---- Data block

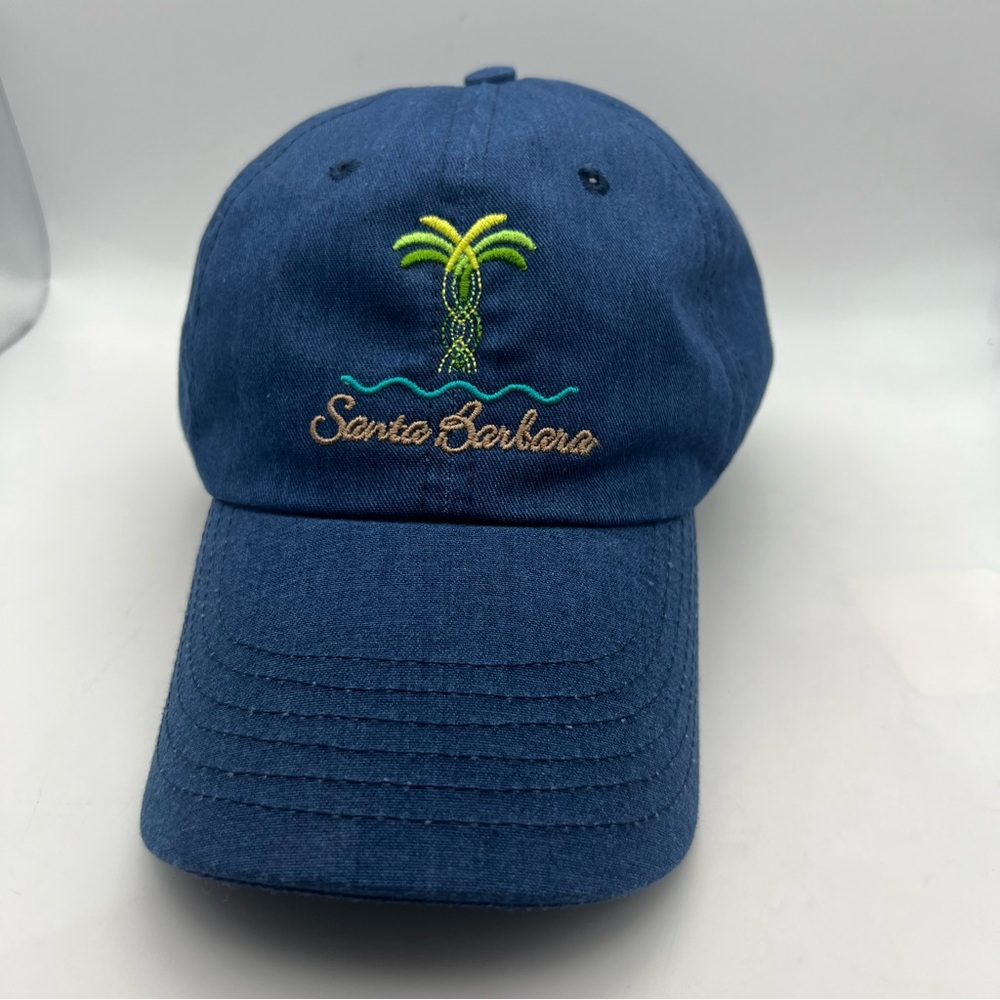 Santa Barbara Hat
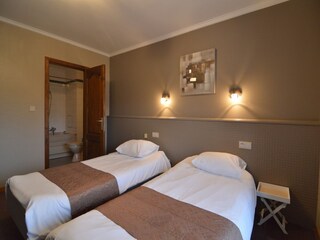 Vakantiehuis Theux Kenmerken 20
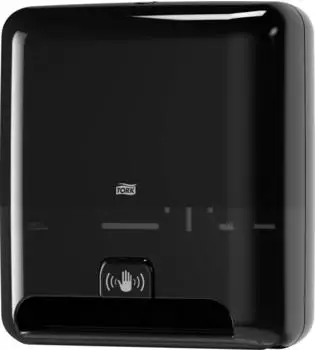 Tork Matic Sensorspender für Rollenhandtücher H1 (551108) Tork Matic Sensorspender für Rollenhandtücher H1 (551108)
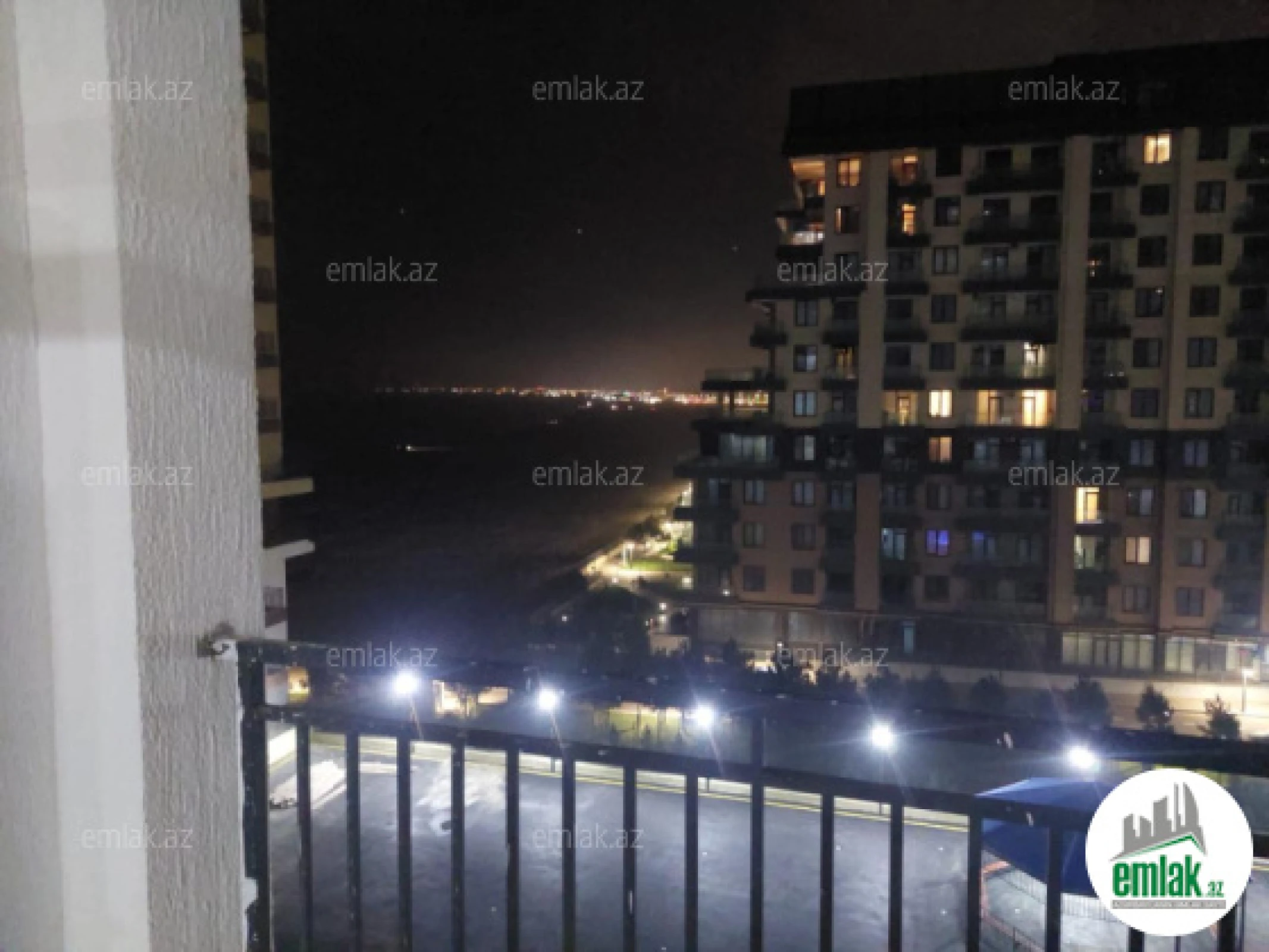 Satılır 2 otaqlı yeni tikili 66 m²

--------

Emit the lines of the data above from the one containing "Vakantiehuis Theux Kenmerken 20" through its final line, both endpoints included. Pictures do not belong in the output.

 Vakantiehuis Theux Kenmerken 20
 Tork Matic Sensorspender für Rollenhandtücher H1 (551108) Tork Matic Sensorspender für Rollenhandtücher H1 (551108)
 Satılır 2 otaqlı yeni tikili 66 m²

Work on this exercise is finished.